O incidente se segue a declarações contundentes da primeira-ministra japonesa, Sanae Takaichi, sobre a segurança do país. Questionada sobre possíveis ameaças, Takaichi afirmou que um bloqueio naval chinês a Taiwan, com implicações militares, poderia representar um risco existencial para o Japão, justificando o uso da força em autodefesa. A declaração provocou uma forte reação por parte da China, que a considerou uma interferência em seus assuntos internos.
“O Japão deve corrigir e se retratar imediatamente em relação ao comentário”, declarou Lin Jian, porta-voz do Ministério das Relações Exteriores chinês, durante uma coletiva de imprensa. Ele também exigiu que o Japão cesse qualquer intromissão nos assuntos internos da China e evite ações ou palavras que possam ser consideradas provocativas ou transgressivas. A troca de farpas diplomáticas demonstra o nível de deterioração nas relações bilaterais.

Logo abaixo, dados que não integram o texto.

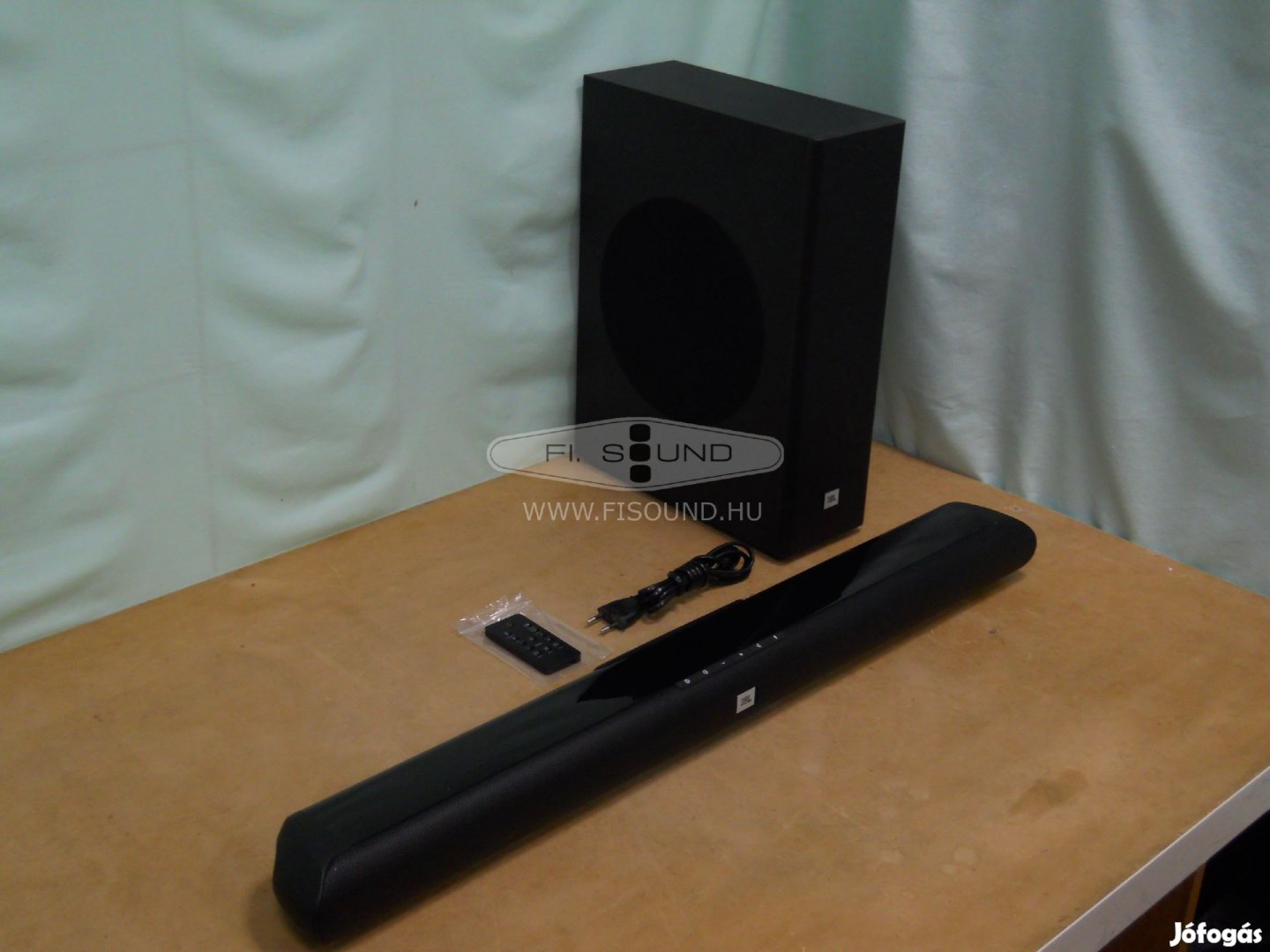 JBL Cinema SB150 ,80W,2.1-s wireless Soundbar új távirányítóval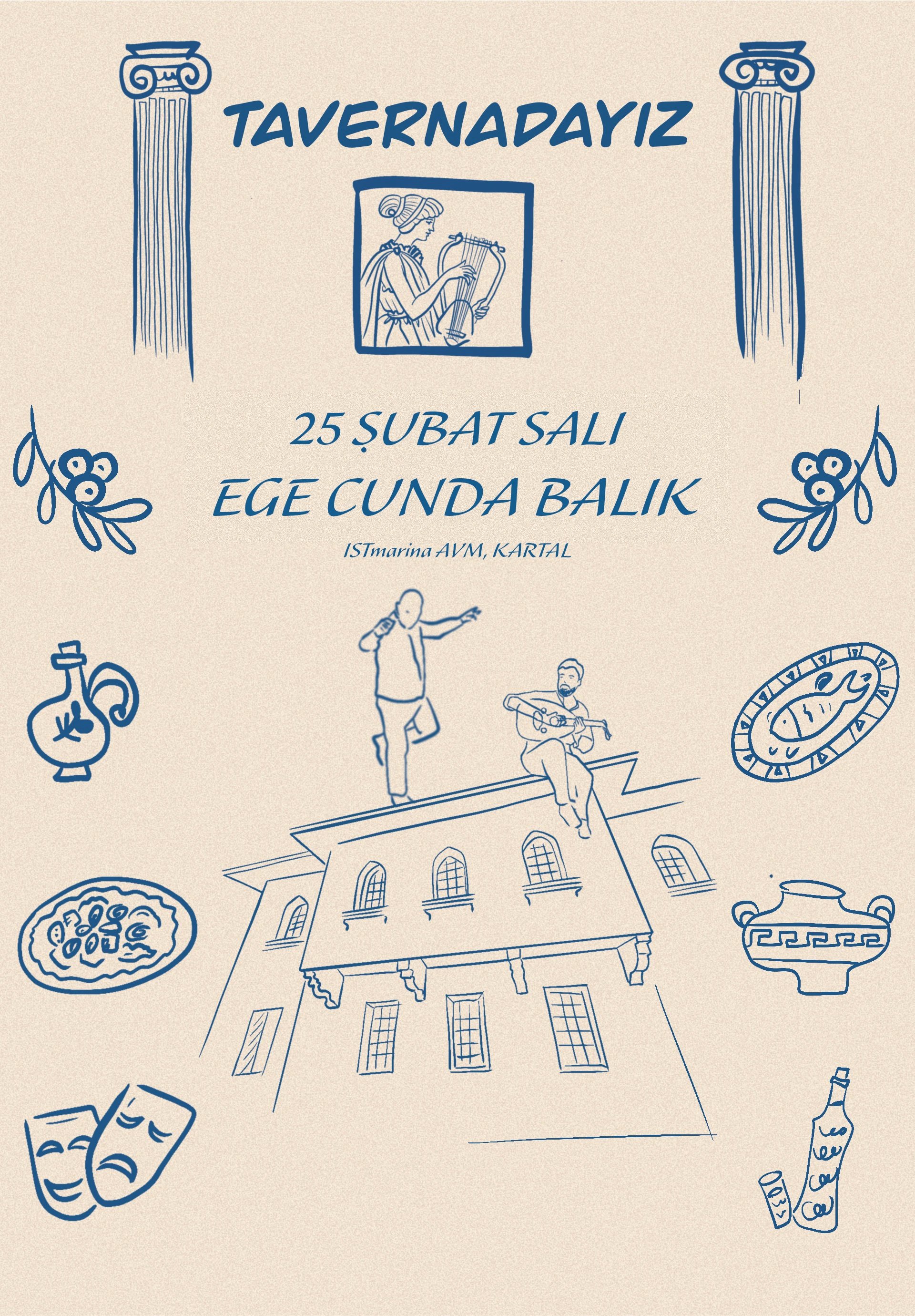 Tavernadayız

Além do incidente com o drone, a mídia local reportou a presença de quatro embarcações da guarda costeira chinesa em águas territoriais japonesas no domingo. O secretário-chefe do Gabinete, Minoru Kihara, classificou a ação como uma “violação do direito internacional”, expressando seu profundo descontentamento e declarando-a “verdadeiramente lamentável e inaceitável”. Os navios chineses teriam entrado na área ao redor de Minamikojima.
A escalada de tensões levou o governo chinês a emitir um alerta desaconselhando seus cidadãos a viajarem para o Japão “em um futuro próximo”. A recomendação, somada aos movimentos militares e às trocas de declarações acaloradas, sinaliza um período desafiador nas relações entre as duas potências asiáticas, com potenciais implicações para a segurança regional.